Im Roman lassen sich viele Motive ausmachen, es stellen sich grosse Fragen für Sepha. Wie kann man ein Leben weiterleben, nachdem man all dies durchlebt hat? Wie führt man eine Ehe, die in existenzialistischen Zeiten geschlossen wurde und nun nicht mehr funktioniert (funktionieren kann)? Und natürlich, das titelgebende Haus, es steckt wortwörtlich in diesem Roman, steht aber die meiste Zeit leer, aber es ist auch eine Metapher für das, was nun neu bebaut werden muss. Die Freundschaften. Die Ziele. Die Schuldgefühle. Das Leben. Alles leere Häuser, die nach neuem Leben, neuen Bewohnern suchen. Marga Minco gelingt es auch in Ein leeres Haus, unscheinbar und durchdringend zu erzählen, sodass man lange nicht merkt, wie es um die Figuren steht, wie tief greifend das alles hier ist. Sie setzt dem Grauen eine scheinbar nüchterne Leichtigkeit entgegen, die erst tief in ihren Strukturen aufzeigt, wie verwoben alles ist und wie sehr sich alles gegenseitig beeinflusst.
Mincos Prosa glänzt nicht durch sprachliche Extravaganz, sondern durch diese Gesamtkomposition, in der sich schlussendlich alle Bezüge verflechten. Die Übersetzerin aller drei Bände, Marlene Müller-Haas, hat Mincos Sprache diese direkte und rohe Form ebenso gelassen, wie deren Einfachheit. Dadurch bekommt der Text stellenweise zwar etwas leicht Stockendes, die kurzen, einfachen Sätze machen dann zum Teil grosse Sprünge, aber die Sprache passt eben zu der Art wie hier erzählt wird. Es ist Müller-Haas hoch anzurechnen, hier nicht künstlich eingegriffen zu haben und die Sprache in dieser direkten, rohen Form übersetzt zu haben.
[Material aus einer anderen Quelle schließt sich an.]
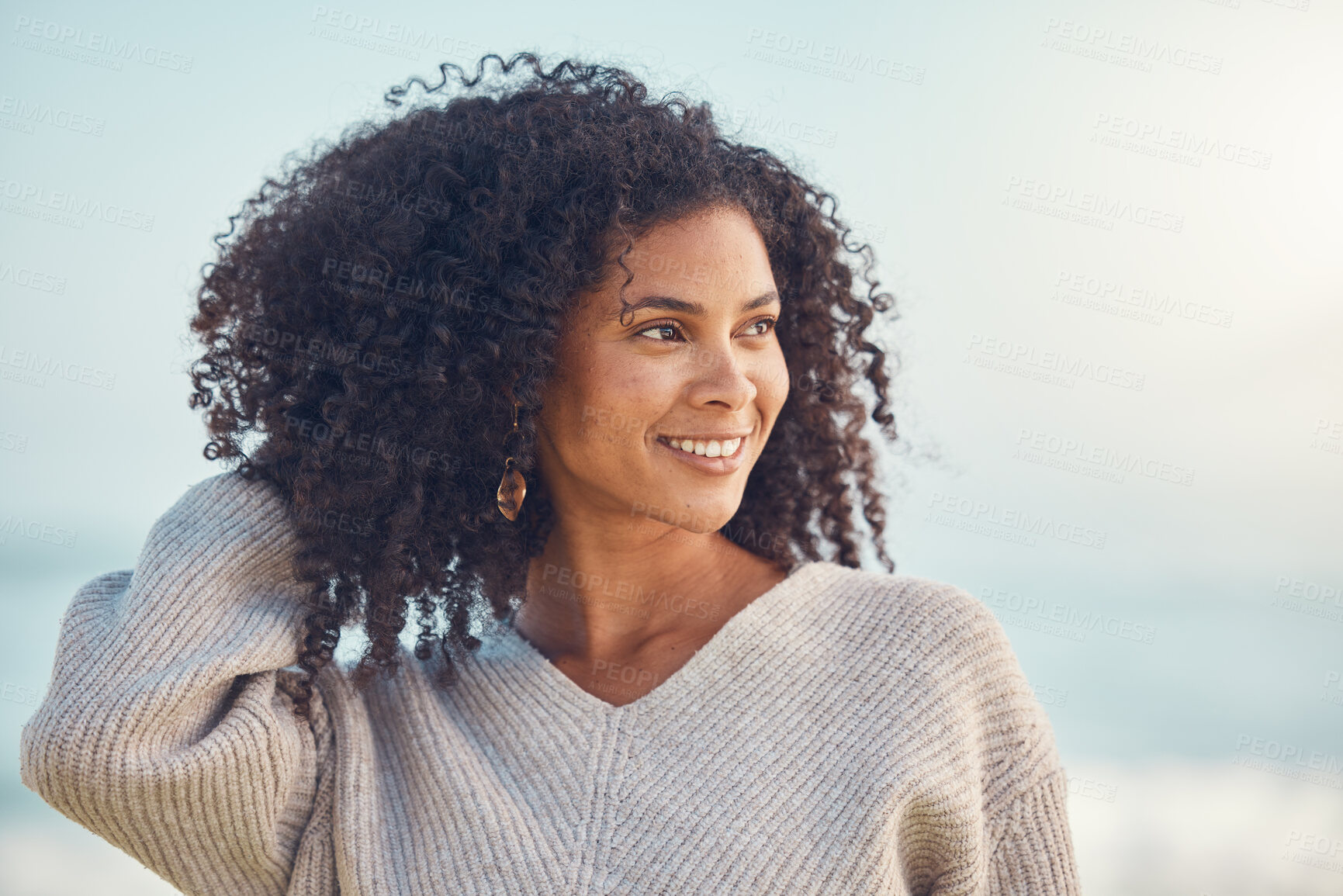 Buy stock photo African woman, thinking and happiness at the beach, ocean or idea for holiday, vacation or summer at the sea in Puerto Rico. Travel, freedom and smile on face for nature, adventure and blue sky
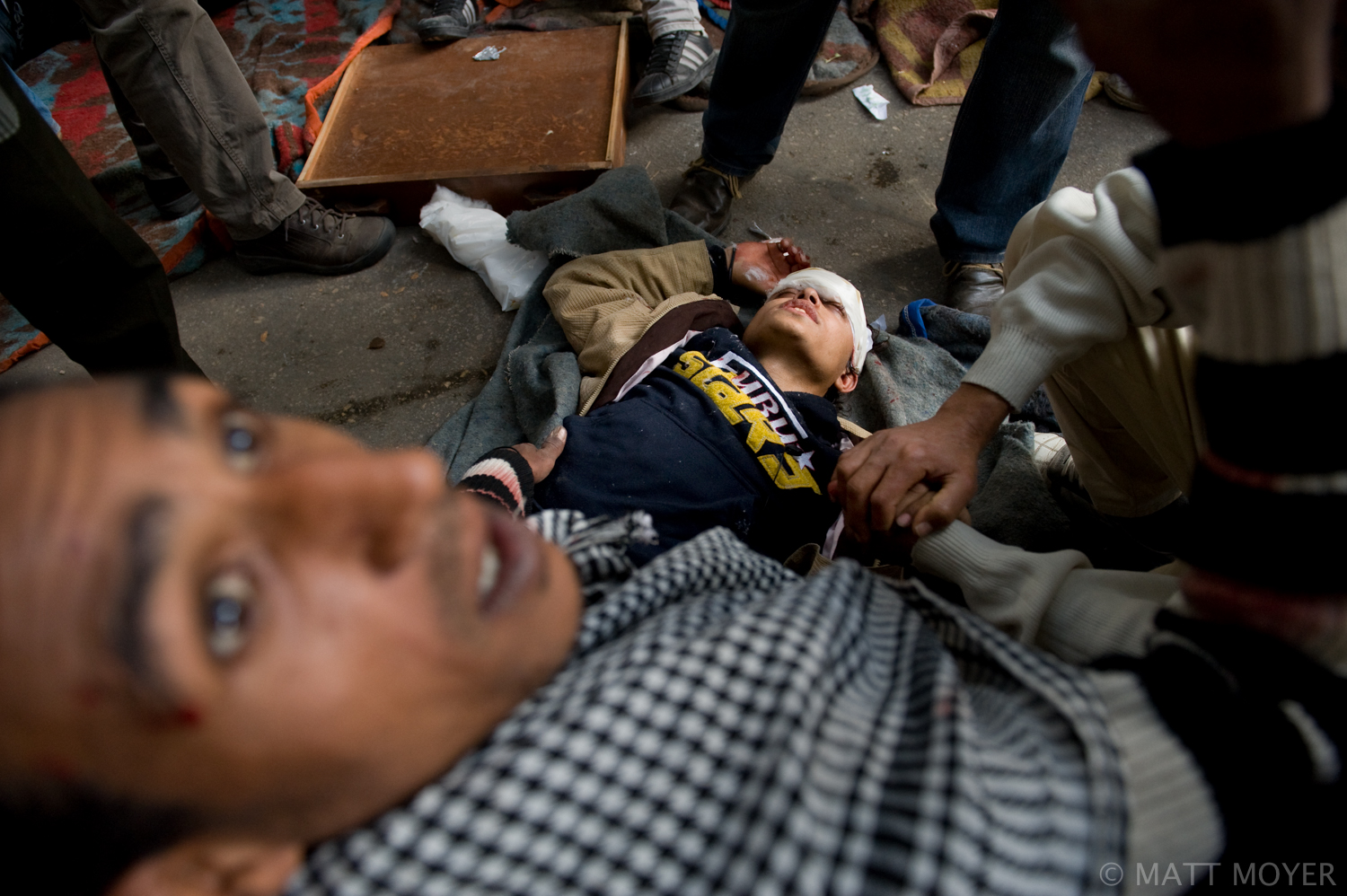  An Egyptian protester is assisted at a makeshift field hospital after being injured in clashes with government forces in Cairo, Egypt.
Als einziger Wermutstropfen dieser Ausgaben sind die fehlenden Nachworte zu beklagen, gerade weil diese zu solchen, auch zeitgeschichtlich wichtigen, Werken, wichtigen Kontext hätten liefern können und auch, weil der Arco Verlag (der übrigens viele weitere spannende, herausragende, vergessene Werke in seinem Programm bereithält) dies ansonsten konsequent macht.
Es ist grosse Literatur, die sich hinter diesen Buchdeckeln in unscheinbaren Farbtönen verbirgt! Nicht zuletzt ist es auch äusserst lesenswerte Literatur, die jetzt in neuer Übersetzung und schönen Ausgaben erscheint. Sie wissen ja was zu tun ist, in einem solchen Falle.
Marga Minco: Ein leeres Haus.
Aus dem Niederländischen von Marlene Müller-Haas.
Originalveröffentlichung 1966.
172 Seiten.
Arco.
Webseite zum Buch Zum Buch:
bedruckter Einband (Karton) · farbiger Vorsatz (hellblau) · Lesebändchen (blau) · fadengeheftet
Marga Minco: Das bittere Kraut. Eine kleine Chronik.
Aus dem Niederländischen von Marlene Müller-Haas.
Originalveröffentlichung 1957.
96 Seiten.
Arco.
Website zum Buch Zum Buch:
bedruckter Einband (Karton) · farbiger Vorsatz (hellblau) · Lesebändchen (braun) · fadengeheftet
Zum Verlag:
Benannt nach einem Prager Café, verlegt der Arco Verlag seit 2002 aus Wien und Wuppertal Bücher. Schwerpunkte des Verlages sind einerseits wissenschaftliche Werke, andererseits literarische Werke aus den böhmischen Ländern.